The men are all employed taxpayers, and one has an American-born child, according to their pastor, Seth Kaper-Dale of the Reformed Church of Highland Park. They are part of a community of about 80 Indonesian Christians in New Jersey who could now all be under threat of deportation to Indonesia, a Muslim country that they fled due to religious persecution. 

Two months ago, the men showed up to an annual meeting with ICE in Newark, known as a "check-in." These meetings, as WNYC reported earlier this year, used to be routine and bureaucratic — but in the era of President Trump, they are fraught with risk. 

At that meeting, the men were told to return with their passports. They showed up Monday with a lawyer in tow, Kaper-Dale said. After an ICE agent initially indicated they'd be released and allowed to check back in at a later date, as had happened year after year, they were arrested and taken to a for-profit immigration detention facility in Elizabeth, NJ.

"Four wonderful people from our community — two of whom we prayed for yesterday when we sent them out from church — are now in detention," Kaper-Dale said.

A spokesman for ICE, Lou Martinez, confirmed that the men are in ICE custody pending a hearing with a federal judge. But he would not provide details about why they were arrested. The arrests are consistent with stepped-up immigration enforcement since Trump gave ICE broader discretion in deportations, as evidenced by recent arrests in New Jersey courthouses.

The story of the Indonesian Christians reflects the changes in attitudes and policies toward immigration over the past two decades. The men overstayed tourist visas in the 1990s after fleeing what they described as religious persecution in Muslim-majority Indonesia. Even though they're Christian, after Sept. 11, 2001, the men — like all male temporary visa holders from Muslim nations — were required under a Bush Administration policy to register with the federal government.
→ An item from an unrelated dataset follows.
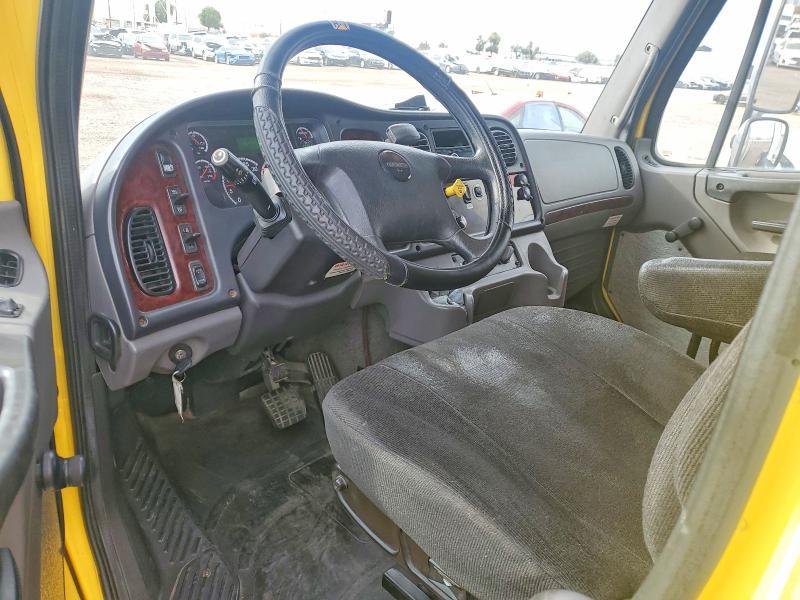 2016 Freightliner Business Class M2 BOX Truck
That's what got them on ICE's radar. 

They then applied for asylum, but their applications were rejected because they missed a deadline that expires one year after arrival. So they continued living in New Jersey without permanent status, working blue-collar jobs at warehouses and factories, until an ICE raid on a group of Indonesian Christians in 2006 put the community in the cross-hairs. Many were deported; others were held in detention. But in 2009, Kaper-Dale helped to strike a deal with the Obama administration that allowed dozens to stay in the country under a type of probation known as an "order of supervision." 

That only lasted until 2012, when deportations resumed. So Kaper-Dale turned his church into a safe refuge, housing Indonesian Christians for 11 months. Their plight got national media attention.

Part of Kaper-Dale's argument was the contributions that the men had made to the community. One Indonesian slated for deportation, Harry Pangemanan, had helped to rebuild 200 homes after Sandy hit, for example.

In 2013, federal officials said the Christians could stay — as long as they kept a clean criminal record and annually met with ICE. They were released under orders of supervision that an ICE spokesman described at the time as allowing them to "remain in the community."

It looks as if that policy has changed.

All four of the men detained Monday — Arino Massie, who is the father of a U.S. citizen; Saul Timisela, who is supporting his disabled Indonesian wife; Rovani Wangko, who is married to a green card holder; and Oldy Manopo, father of a child allowed to stay under the "Dreamer" program — had found sanctuary at the church in 2012. At the time, Timisela told The New York Times that anti-Christian rioters in Indonesia had decapitated a relative who was a pastor and burned down his church.

"We're looking for a better life, freedom of worship," Timesela said then.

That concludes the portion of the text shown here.